Wednesday, February 18, 2015

Notes on "The Buddha" on PBS


If you click on the above word button it will take you to a quote of the first part (a few minutes) of the "Buddha" special. (I think Richard Gere and others did this around 2010 originally.

My wife surprisingly wanted to watch it more (since she knows I studied Tibetan Buddhism with Tibetan Lamas in the U.S. India and Nepal). It is pretty advanced and intellectual as I watched about the first 57 minutes of it. It went into his birth as the Prince of Lumbini and of how his mother died 7 days after his birth and how his father wouldn't let him see old age, sickness, or death, and he had to secretly see it without the knowledge of his father eventually. Then it spoke of how he left soon after his son was born to his cousin (his wife) because he wanted enlightenment. It spoke of how he was living on a grain of rice a day until he almost died but eventually realized enlightenment couldn't be attained through austerities.

It goes into an amazing amount of detail much more detailed than I had heard of before. When I studied Buddhism in the 1980s I mostly knew about the Lam Rim path and of Vajrayana path.

The Lam Rim path came from a conversation Guatama Buddha heard while doing austerity practices near a river. He heard the music teacher say to his student something like, "IF you tighten the string on the instrument too tight it will break but if you loosen it too much it won't play right. So you need to have the string on the instrument not too tight and not too loose."

This it is said is how Buddha came up with the Lam Rim Path or the middle way path which is what Buddhists are taught basically all over the world now.

Vajrayana is sometimes called the Lightning Path and it might be unique to Tibetan Buddhism and basically means "Lightning or instant enlightenment".

One way I have heard this described is that "Everyone is already enlightened so all you have to do is to realize you and everyone else is already enlightened and you are.

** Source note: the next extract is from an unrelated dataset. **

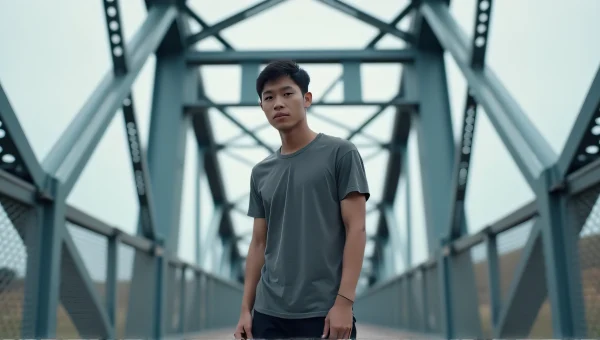 Person Standing Near Metal Bridge In Overcast Sky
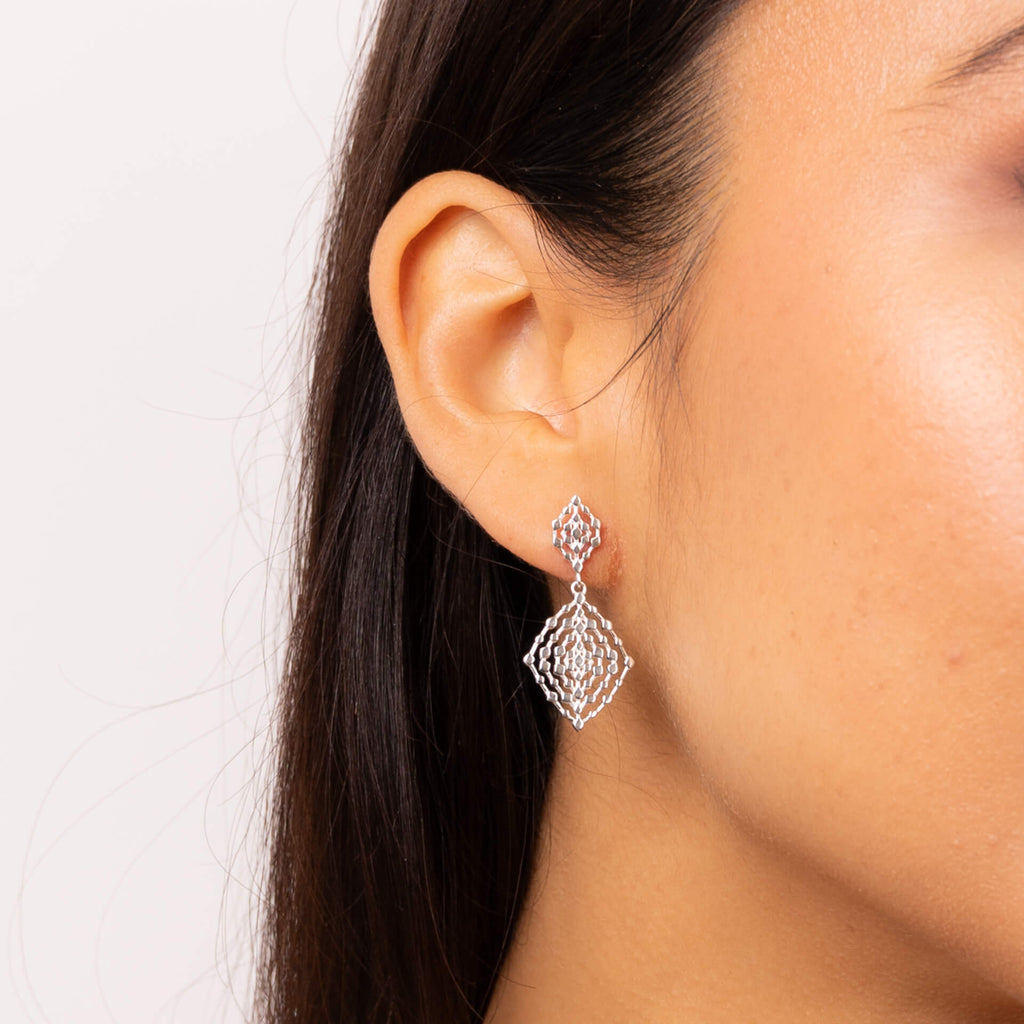 Beginnings Geometrical Lace Textured Drop Earrings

It is like lifting a veil and realizing you are already where you wanted to get to.

One of my favorite aspects to Tibetan Buddhism is "Spontaneous accomplishment" or being in the right place at the right time which is sometimes called "Crazy Wisdom".

It is completely unpredictable in any given moment. Because of this nothing can stop it ever.

Spontaneous accomplishment cannot ever be stopped because no one knows it is coming.

Two of the most powerful practitioners of "Spontaneous Accomplishment" were first Buddha and then Jesus.